Jair Bolsonaro e o vice-presidente Hamilton Mourão disseram, ontem, que há uma visão internacional distorcida e desproporcional sobre as queimadas e o desmatamento na Amazônia. Aos apoiadores, ao retornar ao Palácio da Alvorada, o presidente disse que os focos de incêndio que vêm devastando os principais biomas brasileiros não são uma exclusividade do país.


“Tem críticas desproporcionais à Amazônia e ao Pantanal. A Califórnia está ardendo em fogo, a África tem mais foco do que no Brasil. Nós tentamos, com a regularização fundiária, resolver essa questão. O índio toca fogo, o caboclo, tem a geração espontânea. No Pantanal, 43 graus é a temperatura média e, no ano passado, quase não pegou fogo. Sobrou uma massa enorme de vegetais mortos para isso que está acontecendo agora”, justificou Bolsonaro.


Mais cedo, durante debate on-line promovido pelo Núcleo de Estudo Luso-Brasileiro da Faculdade de Direito da Universidade de Lisboa, Mourão entoou um discurso parecido com o do presidente. Ele reforçou o compromisso do governo com a preservação do meio ambiente e o desenvolvimento sustentável.

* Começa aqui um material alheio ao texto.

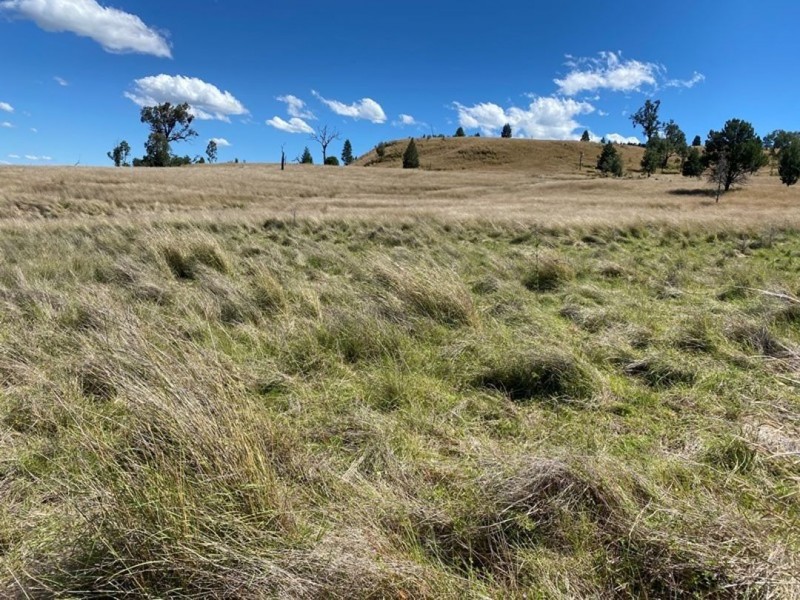 Little Plain, Bingara NSW 2404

“Infelizmente, parte do mundo tem, por vezes, uma visão distorcida sobre o desmatamento ilegal e queimadas na Amazônia. Não negamos ou escondemos informação sobre a gravidade da situação, mas também não aceitamos narrativas simplistas e distorcidas”, disse.

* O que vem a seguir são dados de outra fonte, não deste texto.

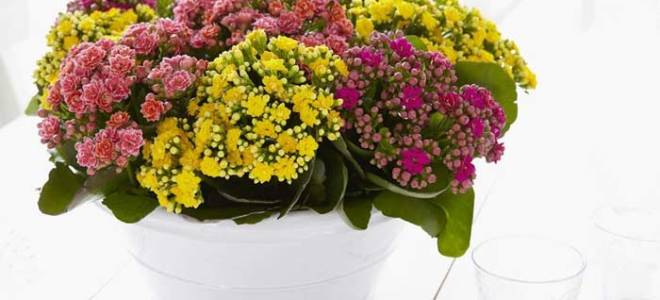 Каланхоэ значение цветка в доме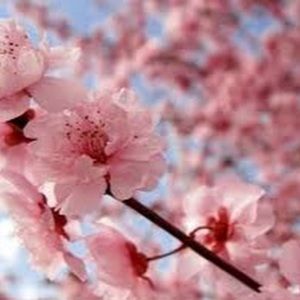 Meet your Posher, Eldu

Mourão afirmou que o desmatamento e as queimadas, além de afetarem o meio ambiente, prejudicam a imagem do país e afetam setores da economia. “Os crimes ambientais deixam nosso país vulnerável a campanhas difamatórias, abrindo caminho para que interesses protecionistas levantem barreiras comerciais injustificáveis contra as exportações do agronegócio”, explicou.